* Task goal
Could you write out exactly the lines from the one that contains "a hotel with" through the last line of the listing below, both included and nothing more?

[Collected data]

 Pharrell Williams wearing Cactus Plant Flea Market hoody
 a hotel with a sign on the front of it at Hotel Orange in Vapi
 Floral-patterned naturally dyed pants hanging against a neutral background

[/Collected data]

* Written response
 a hotel with a sign on the front of it at Hotel Orange in Vapi
 Floral-patterned naturally dyed pants hanging against a neutral background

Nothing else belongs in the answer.